In June 2011, the attorney representing Ford sent a letter to Superior Court Judge Robert Millenky indicating that a settlement had been reached, that the Division on Civil Rights was drafting a Consent Judgment memorializing the terms, and asking that the City Coffee case be marked “settled.” Ford was copied on the letter.
However, Ford subsequently refused to sign the Final Consent Judgment. The Division on Civil Rights then petitioned Judge Millenky to enforce the settlement, and the judge granted the Division’s request.
Ford subsequently challenged Millenky’s ruling before the Appellate Division and, on January 4, the Appellate panel upheld his enforcement of the agreement.
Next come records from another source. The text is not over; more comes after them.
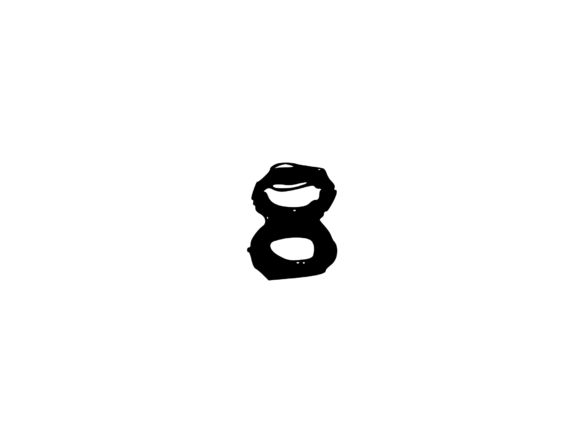 Hand Drawn Chalk Effect Mono 8: A Versatile Graphics Tool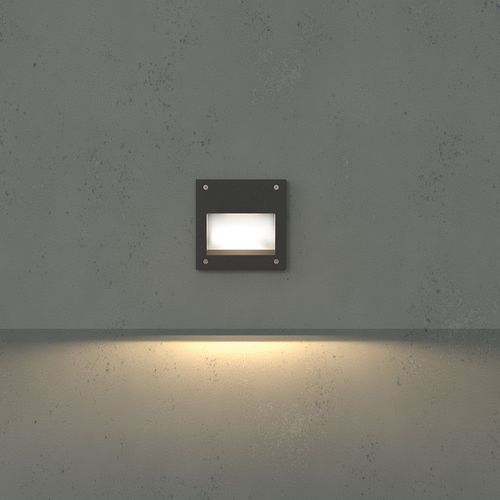 埋め込み式照明器具 - THOR D51 - ING. CASTALDI ILLUMINAZIONE - LED / 正方形 / IP65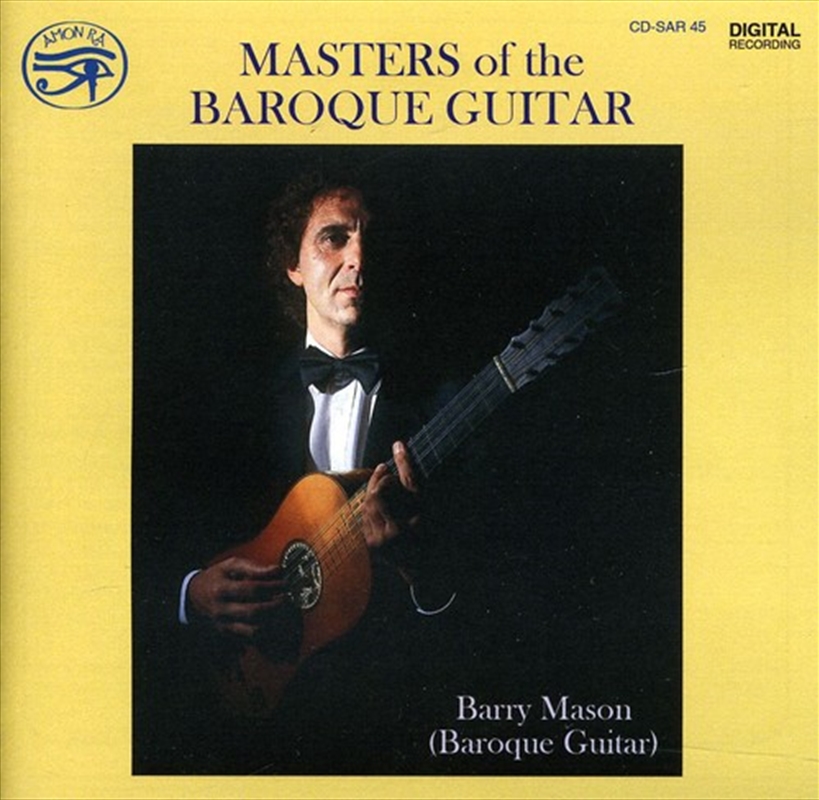 Masters Of The Baroque Guitar/Product Detail/Classical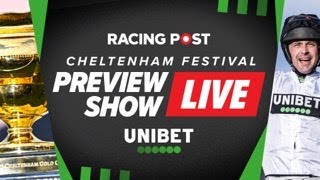 2024 Cheltenham Festival Preview Show Live  Racing Post  Horse Racing Tips [upl. by Alameda15]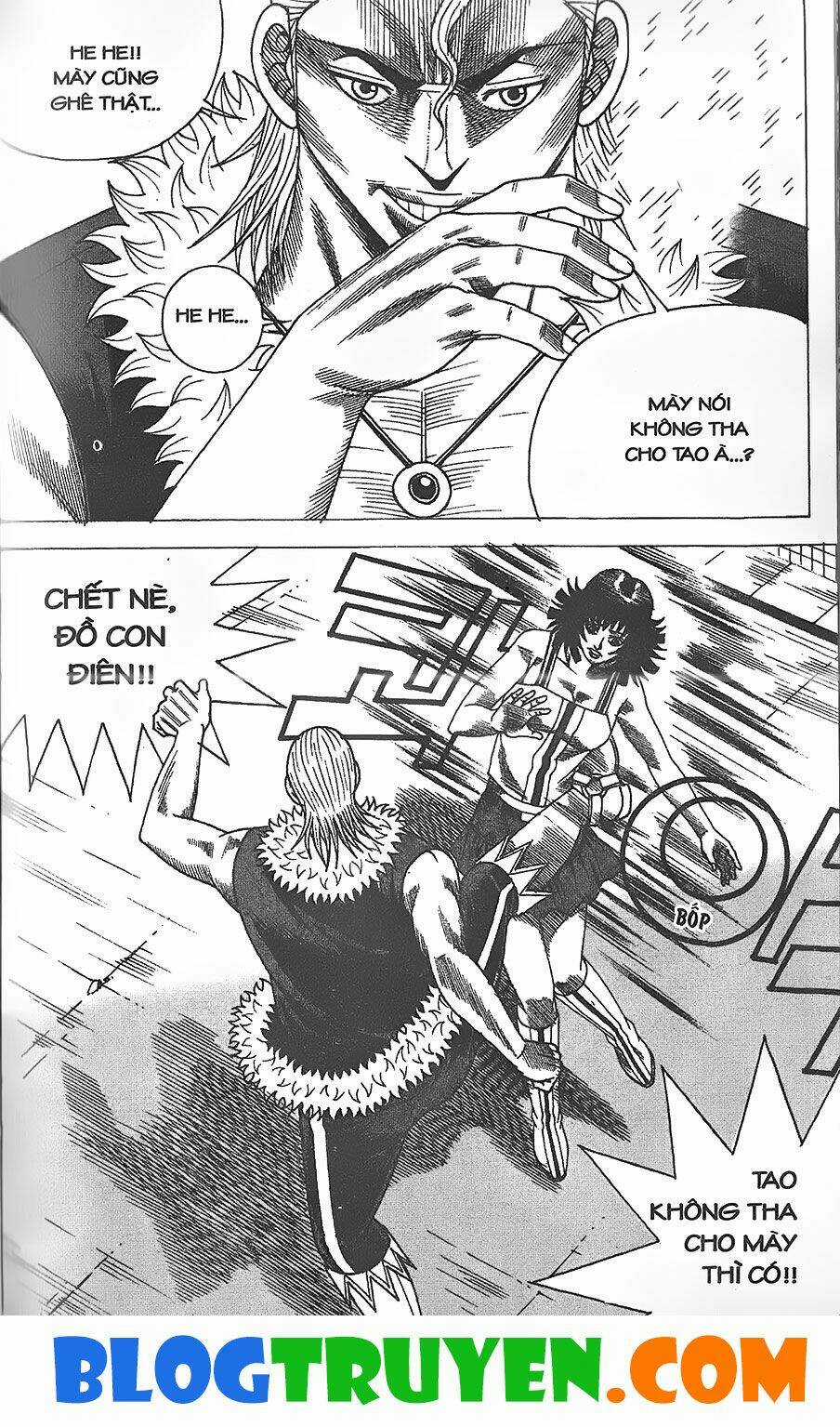 Bitagi - Anh Chàng Ngổ Ngáo Chapter 327 trang 11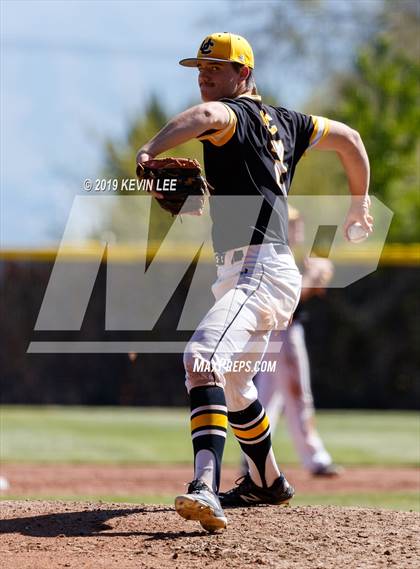 Thumbnail 2 in Summit Academy vs. Union (UHSAA 3A Semifinal) photogallery.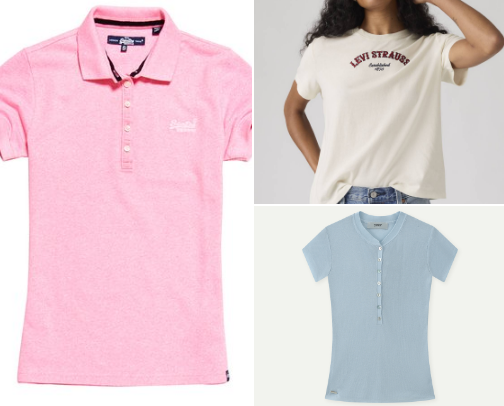 Not-so-basic clothes cover photo collage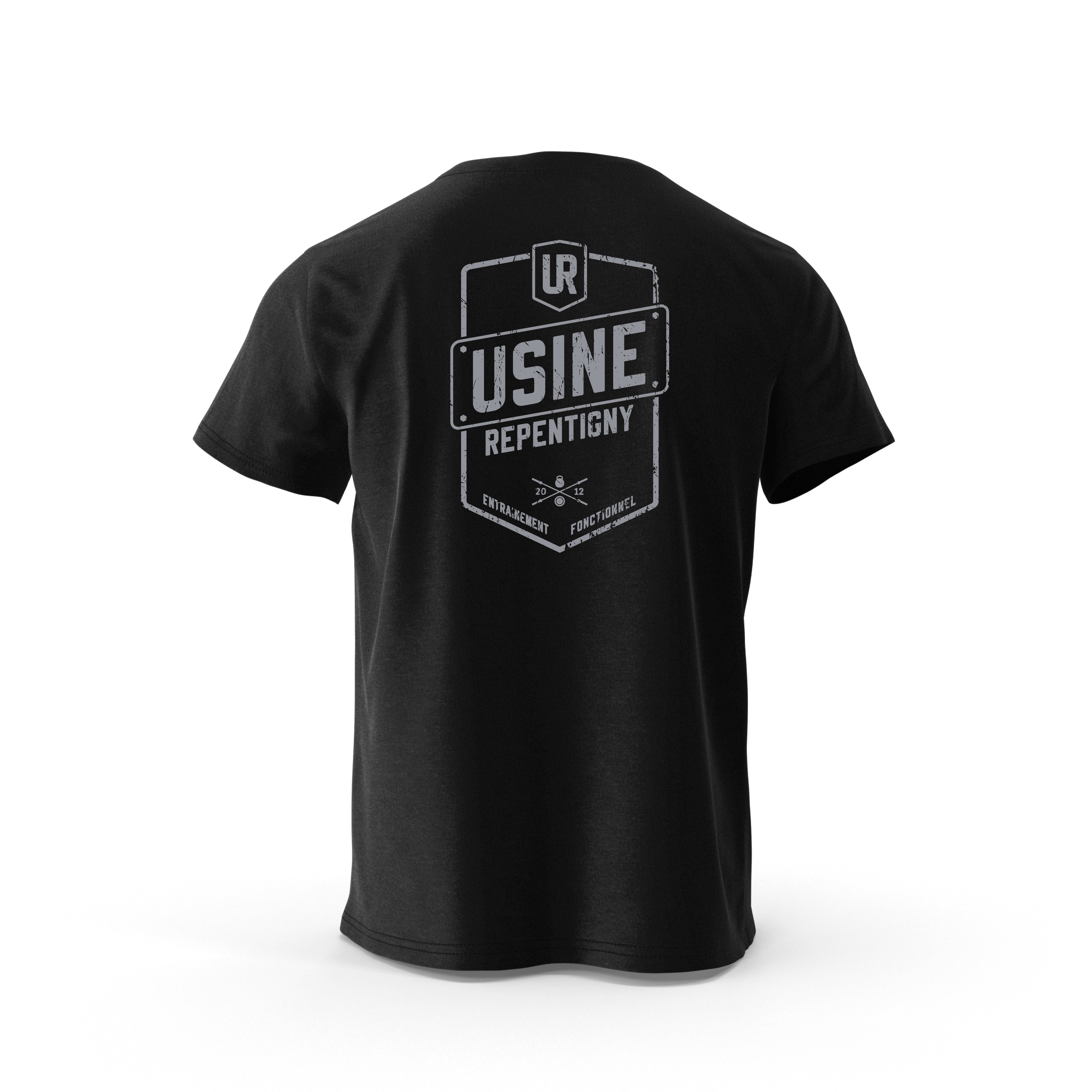 USINE REPENTIGNY UNISEX T-SHIRT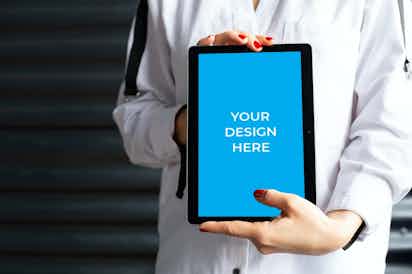 Download 39 Free Android Tablet Mockups Smartmockups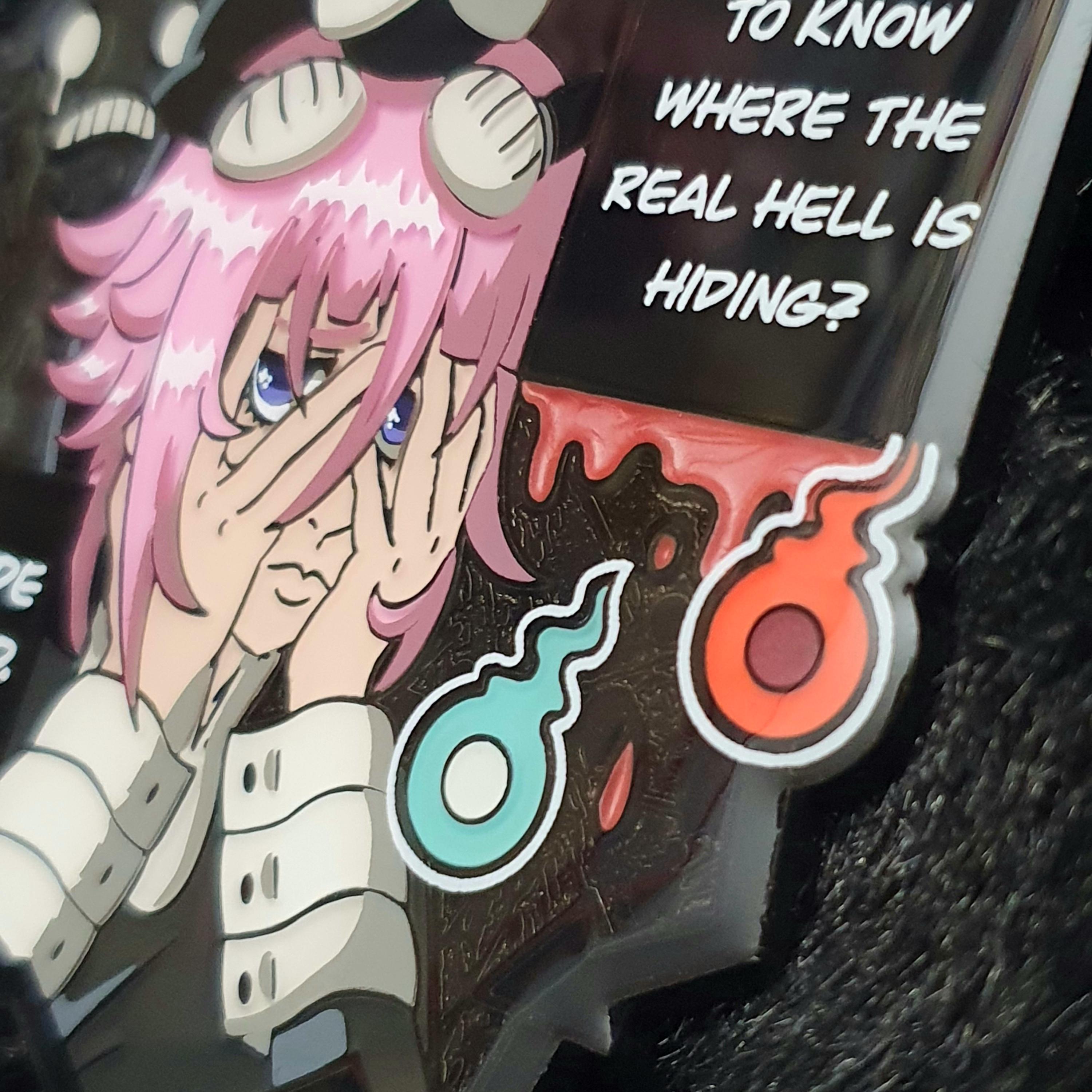Crona and Ragnarok Demon Swordmaster Enamel Pin Soul Eater - Etsy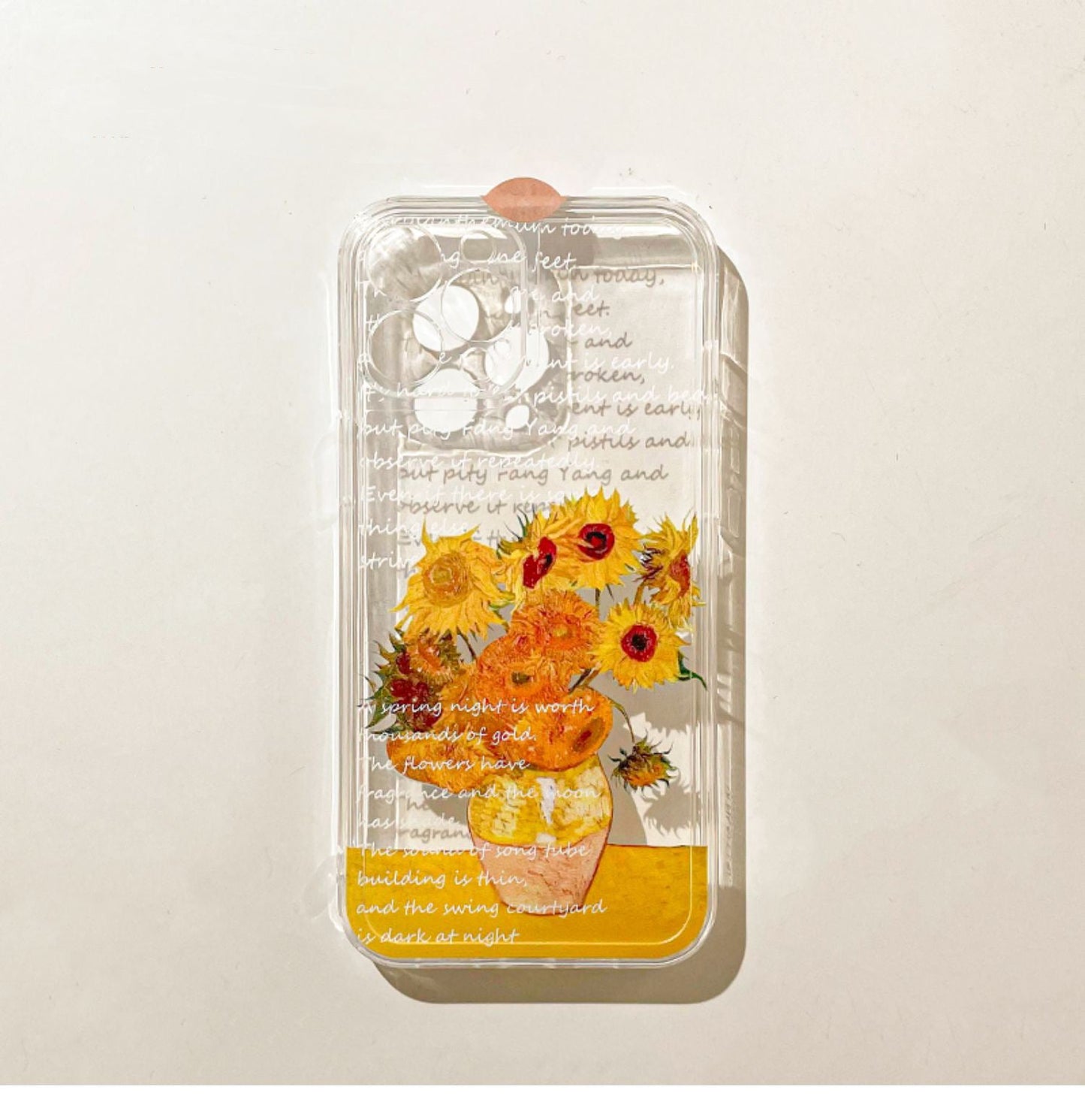 Van Gogh Sun Flower iPhone Case 6 7 8 PLUS SE2 XS XR X 11 12 13 14 15 Pro Promax 12mini 13mini KawaiiGiftLand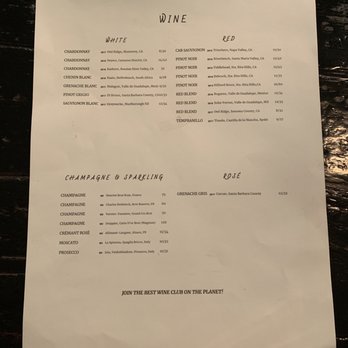 Corks n' Crowns - Wine menu - Wine Bars Near Me - Santa Barbara, California Corks n' Crowns - Wine menu - Wine Bars Near Me - Santa Barbara, California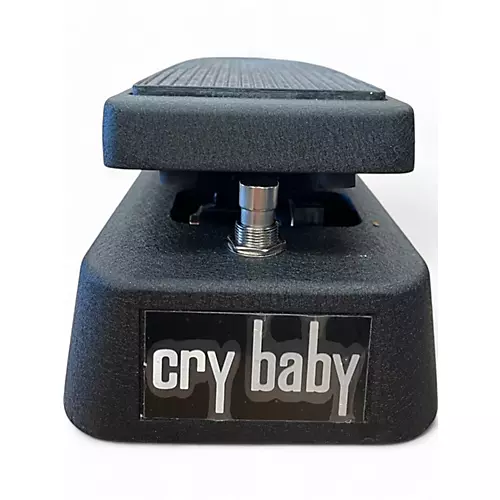 Used Dunlop GCB95 Original Crybaby Wah Effect Pedal - musicians--Friend
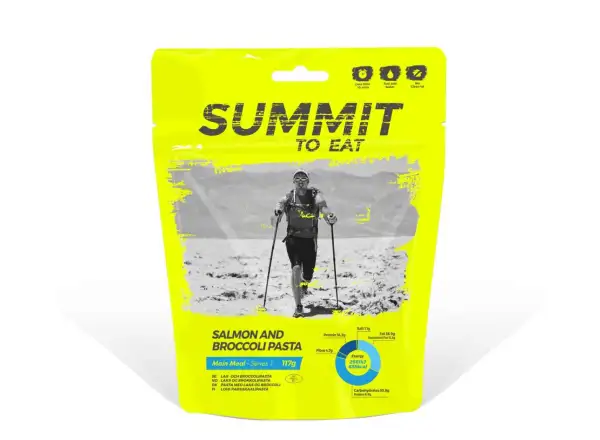 Summit To Eat dehydriertes Essen Lachs mit Nudeln und Brokkoli 117 g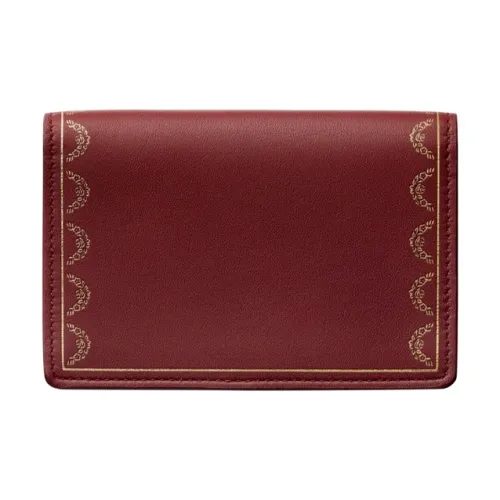 Cartier Guirlande Card Holders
In its written opinion, the Appellate panel held that “it is clear from the record that Ford was involved in the settlement negotiations.”
“It is immaterial that Ford did not sign the Consent Judgment; he is bound as a matter of law by its terms …,” the panel added.
The settlement affirmed by the two-judge Appellate panel resolves a five-count complaint filed in Superior Court by the Division on Civil Rights in 2007. The complaint named both Ford and City Coffee, his restaurant and catering business located on Market Street in Camden.
The original Complaint alleged that a hostile work environment prevailed at City Coffee, with Ford engaged in a “pattern or practice” of subjecting six female employees to lewd comments, unwanted touching, invitations to pose for photographs in revealing clothing or nude, and requests for sexual favors.
The Complaint also accused Ford of terminating one of those employees after she reported his alleged harassment, first to other employees, then to Camden Police, and alleged that other employees had quit their jobs to avoid being harassed.
Deputy Attorney General James R. Michael handled the City Coffee matter on behalf of the Division on Civil Rights.